IndyCar’s visit is their most prestigious event: the Indy 500, a race that solidifies determination, heart, and victory onto a trophy covered in historic faces. It is the organization’s grandest venue.
In 1994, NASCAR decided to try Indianapolis. Dubbed The Brickyard 400, it quickly became a race within the leagues of the Daytona 500, Southern 500, and Coca-Cola 600, mostly because of the track’s past and legacy. Drivers would win, and they would talk about how special it was, how it confirmed a desire they had held for years. Childhood dream were materialized. Magic happened.
This is the 20th time we’ll experience The Brickyard, yet it has lost its magic, to some. Fans aren’t flooding to the track anymore, and cheers for drivers have been replaced with complaints and suggestions of axing the race all together. Though this debate arises every year, the twenty-year anniversary makes this a key talking point.
What has turned people away?
Has The Brickyard lost its luster? Or are the fans becoming blind to what really matters?
To me, it’s a mixture of both; although the racing tends to stretch out over the course of the race, Indianapolis is robust, rich with fulfilled goals and sweetened with iconic memories. When fans drink this coffee, however, all they pick up on are the sharp, bitter notes.
Those who have been drinking the coffee for years and years know the woes and praises are there, yet they exist equally in their minds. They continue to drink, downing a mug without even tasting. What’s the good in that?
Many drivers say that stepping into this track has a different, thick air. It makes them thirsty for Victory Lane. The esteem hasn’t been lost for those in the ring, so why is it lost among the fans? Also, this race always has the ability to give an underdog the opportunity to break the mold and shower in glory.

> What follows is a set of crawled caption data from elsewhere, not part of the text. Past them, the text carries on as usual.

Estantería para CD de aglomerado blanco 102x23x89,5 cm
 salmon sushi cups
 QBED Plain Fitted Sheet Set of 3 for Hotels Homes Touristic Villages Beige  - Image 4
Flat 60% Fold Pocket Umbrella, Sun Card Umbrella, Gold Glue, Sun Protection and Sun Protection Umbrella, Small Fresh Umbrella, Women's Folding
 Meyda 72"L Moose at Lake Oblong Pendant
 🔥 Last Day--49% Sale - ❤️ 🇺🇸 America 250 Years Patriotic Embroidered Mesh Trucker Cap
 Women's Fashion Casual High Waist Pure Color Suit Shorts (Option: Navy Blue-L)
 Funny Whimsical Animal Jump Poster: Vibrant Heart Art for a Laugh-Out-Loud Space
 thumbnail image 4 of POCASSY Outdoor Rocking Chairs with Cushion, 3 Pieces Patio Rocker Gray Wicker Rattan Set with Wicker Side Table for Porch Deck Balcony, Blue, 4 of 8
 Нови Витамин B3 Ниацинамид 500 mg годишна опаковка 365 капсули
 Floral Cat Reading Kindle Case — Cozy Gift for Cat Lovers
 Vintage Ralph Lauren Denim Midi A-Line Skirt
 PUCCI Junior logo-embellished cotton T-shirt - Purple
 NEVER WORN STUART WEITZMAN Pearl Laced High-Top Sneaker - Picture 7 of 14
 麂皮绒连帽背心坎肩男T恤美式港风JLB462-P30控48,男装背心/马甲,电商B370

A new face, engraved in the history books forever. Isn’t that what every driver wants?
We need to give this race another chance. With the new car, things are bound to be twenty shades darker than what we’ve seen in the past. If we keep reflecting on the past, it will always produce the same story. Moving forward, the race should be taken for what it is, not what it was long ago.
What if the racing is terrible? What if attendance keeps dropping? That’s a decision NASCAR will have to make after the Gen6 car’s debut at The Brickyard. No need to worry about it now, as ‘what if’s may never happen.
In these few days leading up to our twentieth running at Indianapolis, fans should invest some time into learning about the track. Delving into its completion and role in various racing series may open some eyes. Clear out every preconceived idea of what The Brickyard 400 has been, or what it’s supposed to be. Wait and see.
Maybe more fans will drink this coffee, twenty shades richer and sweeter than what it started out as long ago.